Le dernier recueil de poèmes d’Yevhène Ploujnyk, « l’Equilibre », est la preuve de la victoire de « l’homme spirituel » qui, au milieu de la cacophonie de son époque, trouve « le silence », l’équilibre moral, la certitude de sa vérité, la beauté « du monde unique », et au milieu des débris de l’époque – « un lien sûr entre le jour courant et l’espace du temps ». Dans un des ses derniers et meilleurs poèmes, « Elle est montée à la mer... », le poète surprend le lecteur avec une ligne de beauté si antiquement limpide et harmonique que le plus grand auteur de néo-classicisme pourrait l’envier. Comment un tel prodige arrive-t-il à l’auteur qui est dévoré par la tuberculose et qui va être assassiné par la main du barbare-occupant ? En effet, la présence d’un tel poète est un prodige dans l’ambiance de la famine et de la terreur. En 1928, ses amis des associations Lanka et MARS sont fusillés. Y. Ploujnyk se retrouve sur la liste suivante de ceux qui sont à fusiller.

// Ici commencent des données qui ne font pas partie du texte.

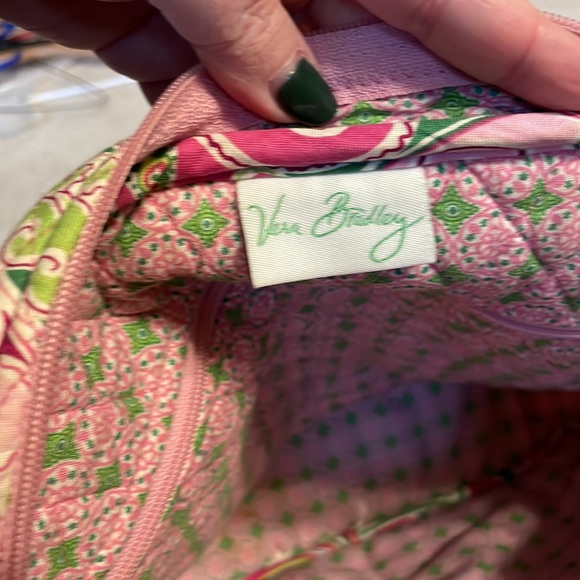 Vera Bradley Pinwheel Pink retired pattern - Picture 5 of 10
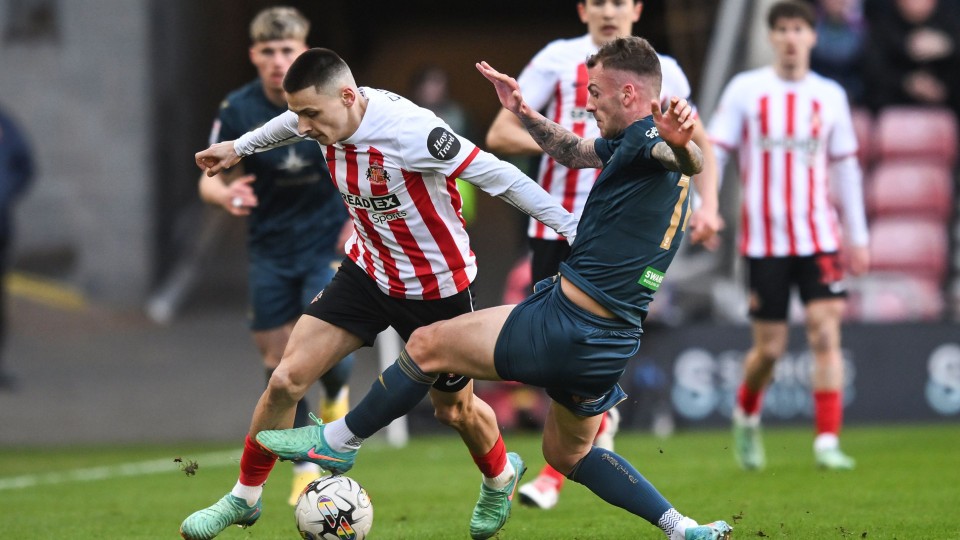 Josh Tymon Sunderland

Le 25 mars 1935, il est condamné à mort. Le poète est accusé de terrorisme. La peine est remplacée plus tard par une condamnation à dix ans de bagne, le plus long terme qu’on connaissait dans ce temps-là. La lettre émouvante du poète qu’il écrit à sa femme le jour où il apprend le remplacement de sa condamnation à mort par la déportation dans un camp de concentration lointain est publiée dans la revue « Nos jours » (Lviv, 1943). Alors qu’il est au stade terminal de la tuberculose, il est déporté dans les Îles de Solovki, dans la mer Blanche. Il y meurt quelques mois plus tard. Il n’a que 37 ans… Le nom d’Yevhène Ploujnyk est réhabilité en 1956. En 1988, ses œuvres commencent à être publiées après un long oubli.